Keoghs Insight

Author

Alex Homan

Insured’s duty of disclosure

AWARE15/11/2013
Property Insurance Aware 1

The case of Alan Bate v Aviva Insurance UK Limited 2013 considered a claim for indemnity following a fire at a substantial property and the scope of an insured’s duty of disclosure in relation to a domestic insurance policy.

The facts

B owned the Long House, which was almost completely destroyed in an accidental fire on 5 June 2006. He had been redeveloping the property into residential units whilst stables on the site were converted into garages. The redevelopment was being undertaken by B’s building company, Parthenon. At the time of the fire B was living in the Long House, part of which was undergoing conversion into accommodation for his disabled brother. In the meantime his brother was occupying a separate dwelling on the site. B’s daughter resided in the Coach House, a further separate dwelling attached to the rear of the Long House, where some minor development works were ongoing. Parthenon occupied a garage in the Coach House and B operated an insurance loss assessing business from another garage.

Aviva avoided B’s policy citing a number of non-disclosures and misrepresentations of material facts including the following grounds:

  • B had deliberately misrepresented details of a past claim.
  • B had failed to disclose that the property was used by his businesses.
  • B had failed to disclose the redevelopment of the property.

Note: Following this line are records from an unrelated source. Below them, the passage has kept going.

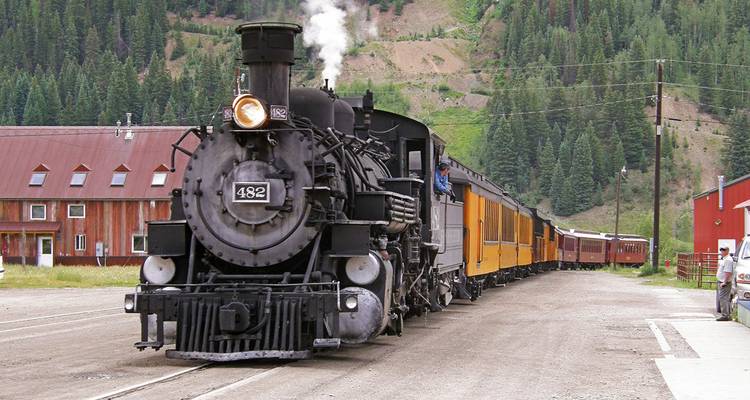 Locomotive à vapeur noire de style ancien émettant de la vapeur à l'arrêt dans une gare rurale avec des voitures jaunes.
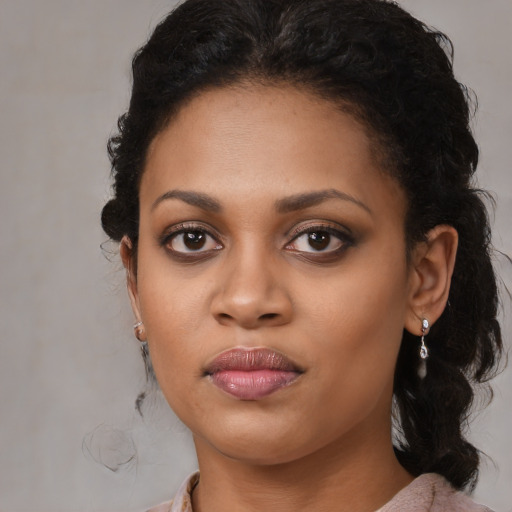 Joyful black young-adult female with long  brown hair and brown eyes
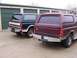 1988 Ford C-350 (Centurion Conversions) - Two Ford Broncos parked in front of storage units, one maroon and one dark blue.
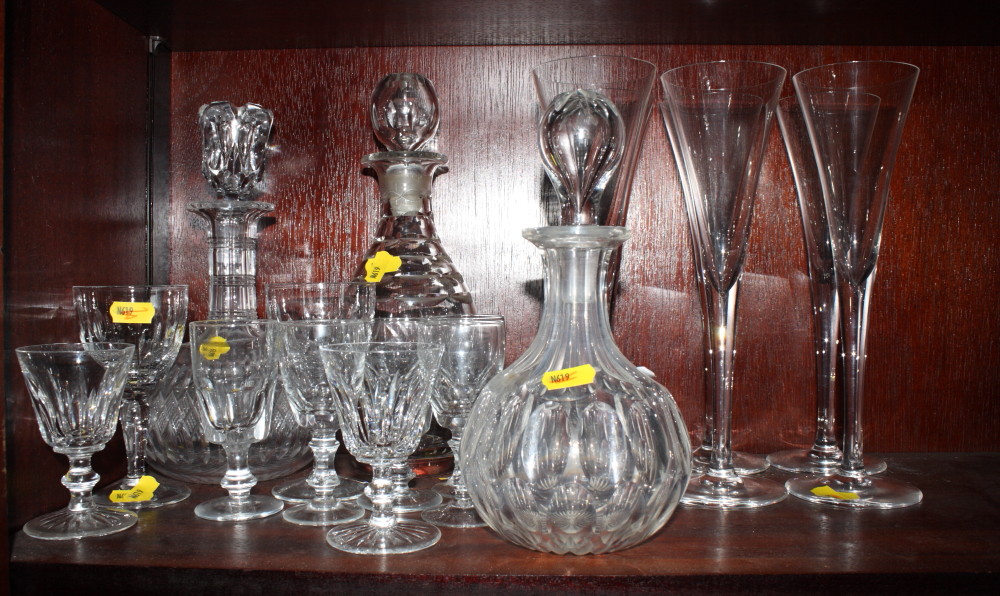 A set of six tall wines with drawn trumpet bowls, three decanters and a small collection of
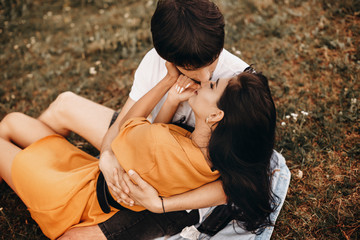Upper view of a beautiful caucasian couple embracing and looking at each other before kissing while sitting on the ground on a field.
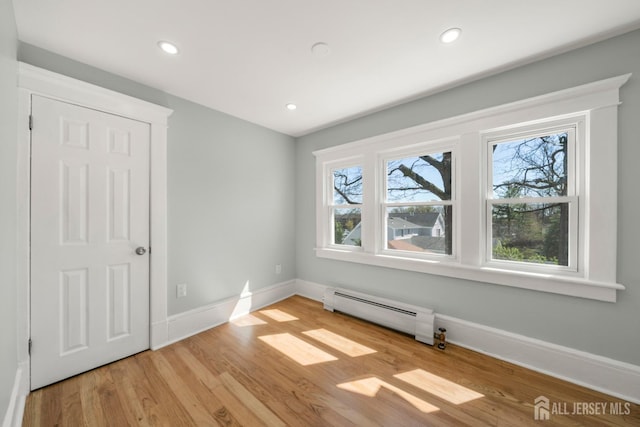 657 Amboy Ave, Edison, NJ 08837 - spare room with baseboard heating, baseboards, wood finished floors, and recessed lighting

Aviva alleged that B had failed to disclose building works at the property and in doing so had breached a condition precedent entitling it to repudiate liability under the policy. Aviva also contended that the Coach House was insured under the policy.

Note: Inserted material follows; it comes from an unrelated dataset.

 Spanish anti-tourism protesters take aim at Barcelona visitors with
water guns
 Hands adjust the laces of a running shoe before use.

B argued that the Coach House was not insured under the policy and that Aviva had waived its right to avoid the policy by paying a claim for damage to a camera and equipment. B alleged that Aviva had breached rules contained in the Insurance Conduct of Business Sourcebook (ICOBS) requiring it not to reject claims unreasonably. In the case of a retail customer this meant that Aviva must not: “refuse to meet a claim…on the grounds…of non-disclosure of a fact material to the risk that the retail customer….could not reasonably be expected to have disclosed…of misrepresentation of a fact material to the risk, unless the misrepresentation is negligent and…in the case of a general insurance contract, of a breach of warranty or condition, unless the circumstances of the claim are connected with the breach.”

The court’s decision

B was a retail customer for the purposes of ICOBS despite the commercial development work at the Long House. The judge was satisfied that B’s primary concern was to insure his home.

The Coach House was not part of the buildings insured under the policy but its close association with the Long House meant that B should have disclosed the ongoing works there and the occupation of the Coach House garage by Parthenon, which were material. A failure to disclose the ongoing work at the Long House meant that there had been a breach of the condition precedent.

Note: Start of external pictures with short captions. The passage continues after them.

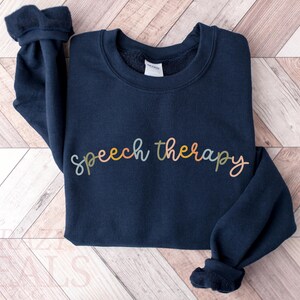 May include: A navy blue sweatshirt with the words "speech therapy" in a colorful, cursive font across the front. The sweatshirt has a crew neck and long sleeves with ribbed cuffs. The garment is made of a soft material.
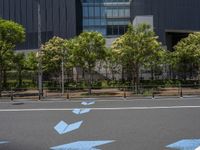 empty road with white lines on the streets of city area against cloudy blue sky on a sunny day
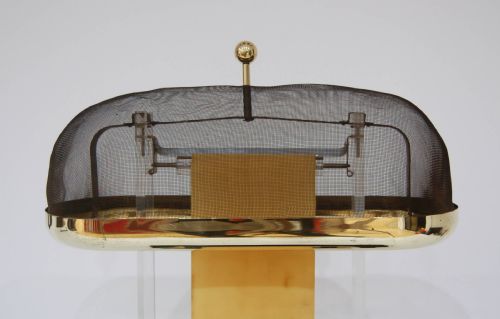 fig 3. A hand-cranked Van de Graaff electrostatic generator featuring a black metal base, transparent acrylic supports, an upright rubber belt, and a wire mesh upper dome trimmed in brass.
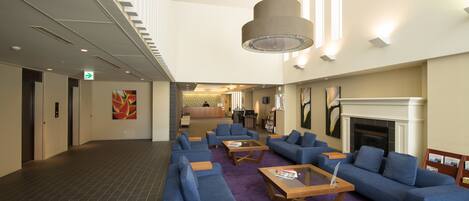 A lobby with sofas, coffee tables, a fireplace, and a staircase.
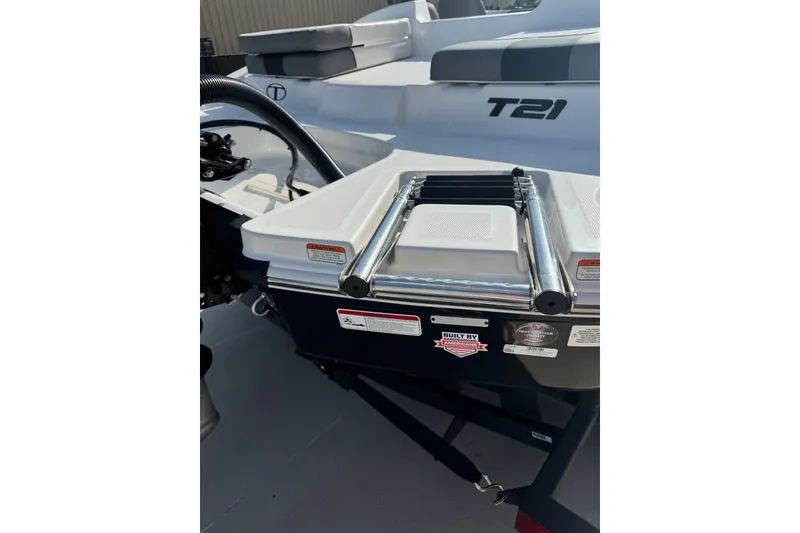 Slide: The Image of 2027 Tahoe T21 boat with ladder and seating area, showcasing sleek design and functionality. - 9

B had materially misrepresented a previous claim by suggesting that it was a fire caused by a contractor at a previous address. In fact, the fire had been caused by Parthenon at his current address. B had not disclosed the commercial development of the Long House to Aviva; he relied upon a memo as evidence of disclosure in this regard but this had probably been created by B or his broker after the fire. The judge commented that the arrangements in place at the Long House were highly unusual and could not have been elicited by the questions on a residential insurance proposal form.

Whilst some of the matters raised by Aviva were not material when taken in isolation, when taken cumulatively disclosure of most, if not all of the matters was required to give insurers a fair presentation of the risk. A person with B’s insurance background should and may have appreciated this. B was an insurance professional and had engaged a broker to assist him. Despite this, he had failed to disclose material facts and made misleading statements. B had also been dishonest in his presentation of aspects of his claim. In these circumstances Aviva’s rejection of the claim was not unreasonable and did not breach ICOBS.

Significance

When faced with substantial allegations of misrepresentation and non-disclosure of material facts, B’s approach was to take each allegation individually and seek to demonstrate that it was not material.

This case makes clear that the court will not consider the questions in a proposal form in isolation but will look at all the facts and the matter as a whole to determine whether an insured has complied with the duty of disclosure. It was not difficult for B to convince the court that he was a retail customer for the purposes of ICOBS. The term retail customer has a similar meaning to ‘consumer’ in the Consumer Insurance (Disclosure and Representations) Act 2012 (CIDAR) and the courts are likely to place a similarly low threshold on claimants seeking to establish that they are consumers under the new regime.

Under CIDAR the consumer is now required only to take reasonable care not to make a misrepresentation. Whilst the advent of CIDAR means that more consumers are likely to be successful, B’s claim would almost certainly have been rejected under the new regime given the judge’s findings that he was dishonest in certain respects and knowingly made misleading statements.